Investigations have revealed the strings that pull this puppet. Its director, José Jasán Nieves Cárdenas, is not just a journalist: He is a recipient of funding from the United States Department of State. The question isn’t just where the money comes from, but what its purpose is.
The so-called “representative informal market rate” promoted by El Toque is a farce. It fluctuates not due to genuine economic dynamics, but according to manipulation and speculation. It predicts increases, artificially induces panic and compulsive currency purchases, creating a self-fulfilling prophecy that harms ordinary citizens.

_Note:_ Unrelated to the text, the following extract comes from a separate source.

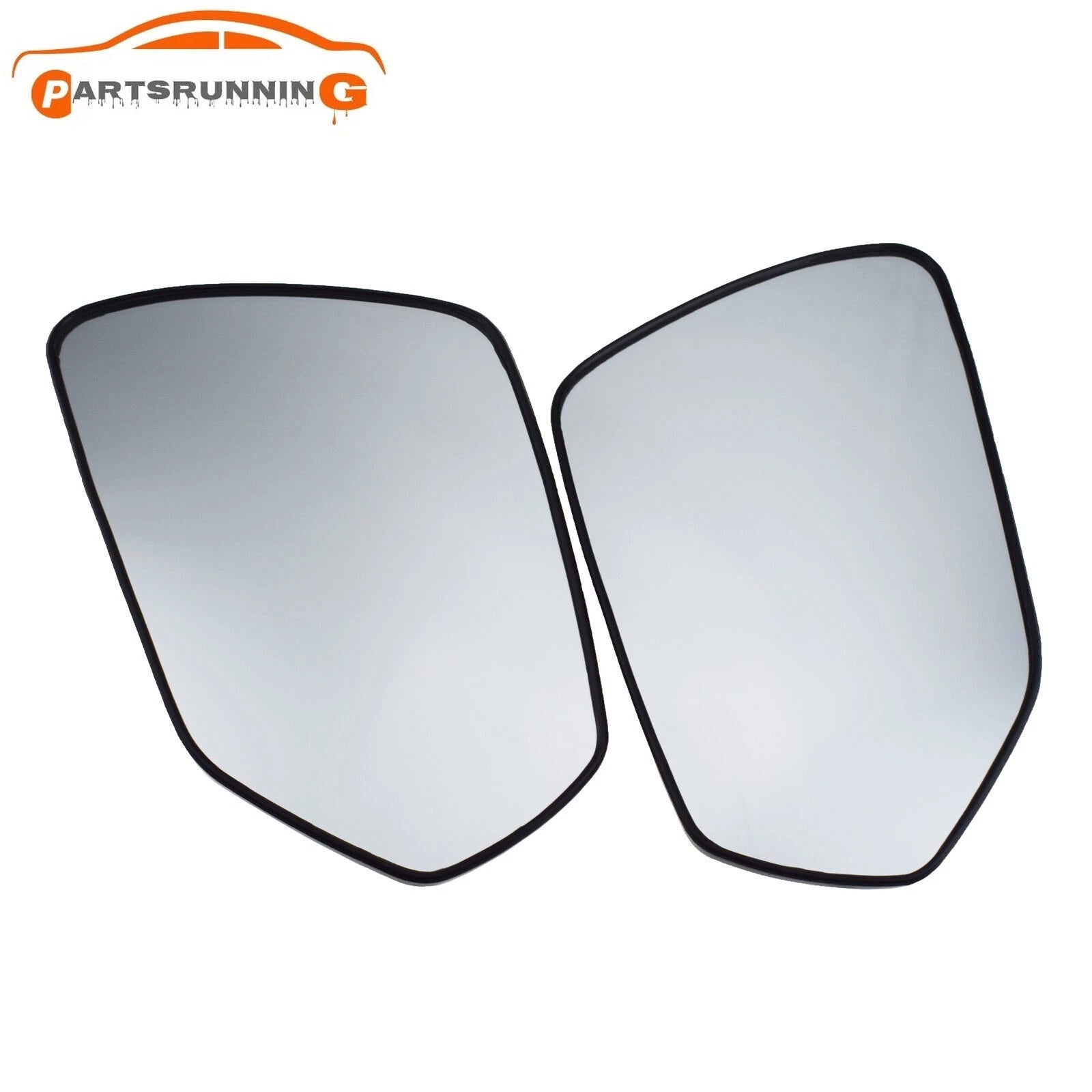 Side View Mirror Glass LH & RH Heated For 2020-2023 Hyundai Elantra 87611-AA000 6B93BC-57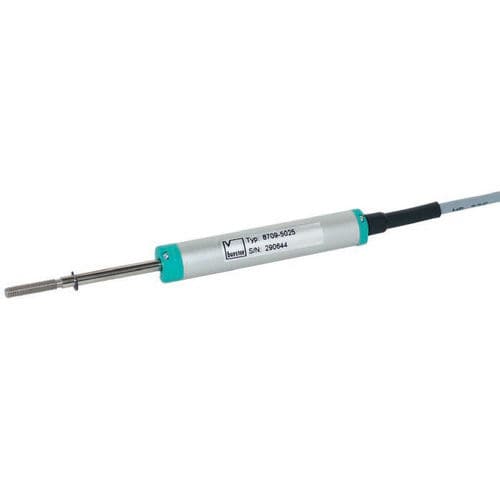 Linearer Wegaufnehmer - 8709 - burster präzisionsmesstechnik gmbh & co kg - mechanisch / Feder-Potentiometer / analog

When their credibility falters, they don’t hesitate to backtrack just as abruptly and without any economic justification. How do they explain that the rate drops 115 pesos in 18 days and then jumps 110 pesos in just six, without any real economic event to justify it? The answer is simple: it’s pure manipulation.
Behind José Jasán operates a network of professionals, many trained at Cuban universities and then diverted with courses and scholarships designed to subvert the internal order. The profits from this subversive business are substantial. While the Cuban people suffer the consequences of the instability they generate, Nieves Cárdenas and his wife, Elaine Díaz Rodríguez—director of the equally subversive Periodismo de Barrio—acquired a luxurious house valued at nearly $700,000 in the United States.
The El Toque team
The financing mechanism is clandestine. Testimonies and documentary evidence show how Jasán funneled funds from the U.S. government—through Media Plus Experience—using money transfer companies and private businesses. The money arrived in accounts abroad and was physically delivered on the island to individuals selected by the U.S. government, in a clear network of currency trafficking and mercenary operations.
El Toque’s connection to the National Endowment for Democracy (NED), USAID, and the State Department is inseparable. Their coordination with the United States Embassy in Havana is the “occupational hazard” of a lucrative business: profiting from the destabilization of Cuba.
Born in 2013 under the auspices of Radio Netherlands, El Toque has operated through various enemy subversion centers. Today, the masks are falling. Cuba knows the truth and is accumulating documentary, expert, and testimonial evidence against this scheme. To be a mercenary against your own people, disguised as a “digital entrepreneur,” is one of the lowest betrayals.
Much more will be revealed about El Toque and its operatives. Justice and truth will continue their course.